- _Task requirements_
Write the listing out once more, identical to the original but without pictures.

- _Data_
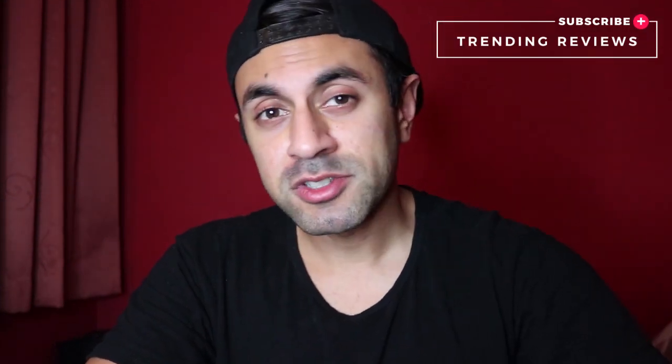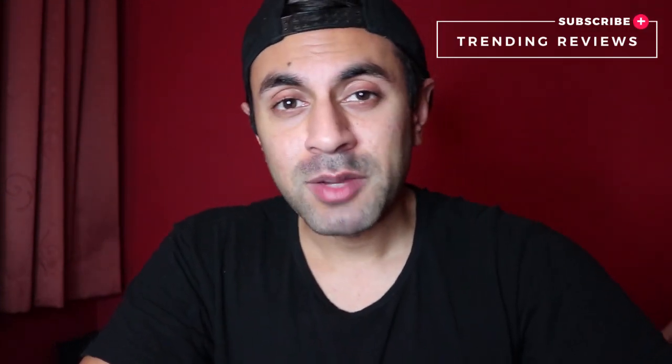Hey guys, welcome to Training Reviews. My name is Uma. Today I'm going to be reviewing three different types of microphones for my Canon 200D. When I started making YouTube videos, I was exploring the various different options on how to better my audio quality.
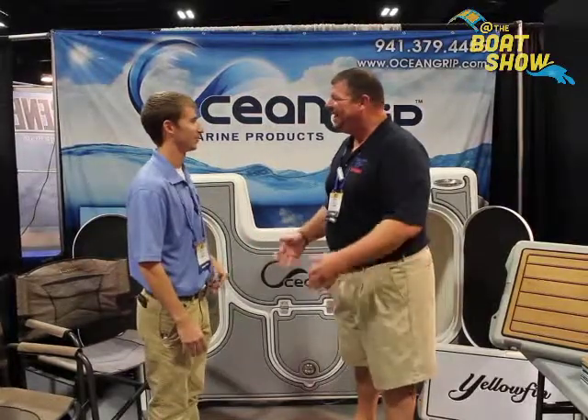What else will this product do? What's good about it outside of that? Anti-fatigue. You can stand on it all day and it's much better than standing on fiberglass or wood and it won't slip. Like when you're at a boat show for hours and hours on end — that's what we're standing on right now. You can stand on this product and you don't have to sit down all day.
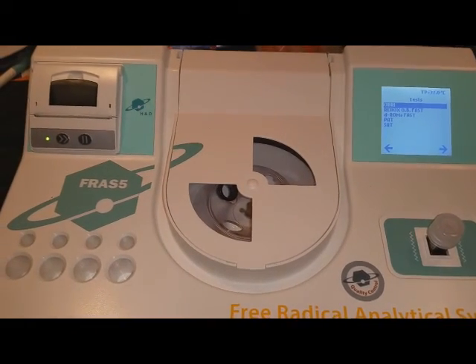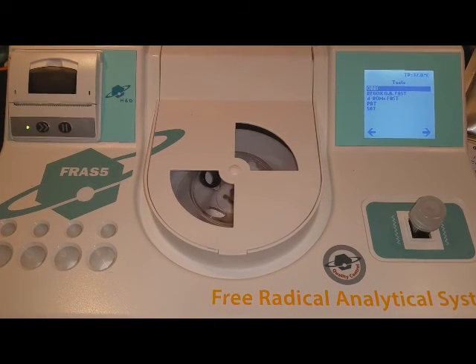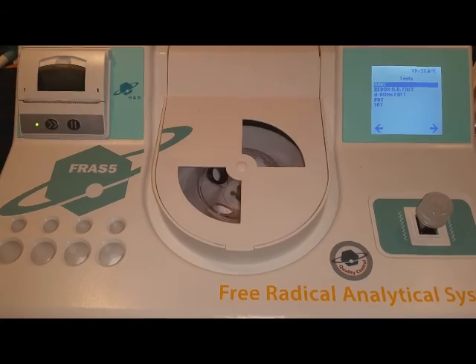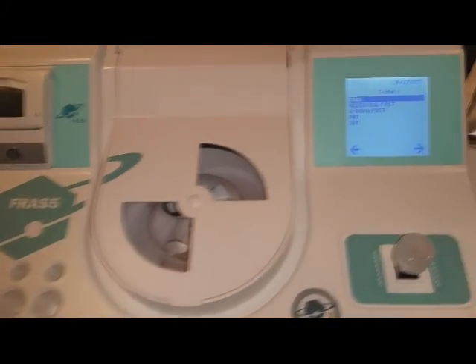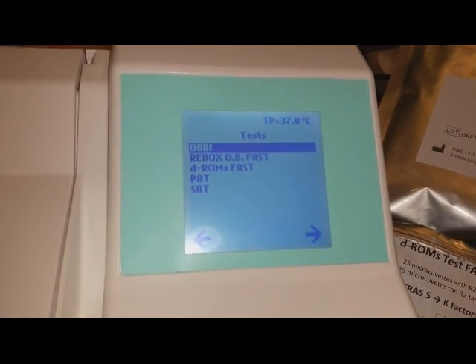We're going to do a reading for oxidative stress first, then antioxidant levels using the FRAS-5 system. First we have to select the correct test, so I'm going to go to DROMS for oxidative stress levels.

- _Result_
Hey guys, welcome to Training Reviews. My name is Uma. Today I'm going to be reviewing three different types of microphones for my Canon 200D. When I started making YouTube videos, I was exploring the various different options on how to better my audio quality.
What else will this product do? What's good about it outside of that? Anti-fatigue. You can stand on it all day and it's much better than standing on fiberglass or wood and it won't slip. Like when you're at a boat show for hours and hours on end — that's what we're standing on right now. You can stand on this product and you don't have to sit down all day.
We're going to do a reading for oxidative stress first, then antioxidant levels using the FRAS-5 system. First we have to select the correct test, so I'm going to go to DROMS for oxidative stress levels.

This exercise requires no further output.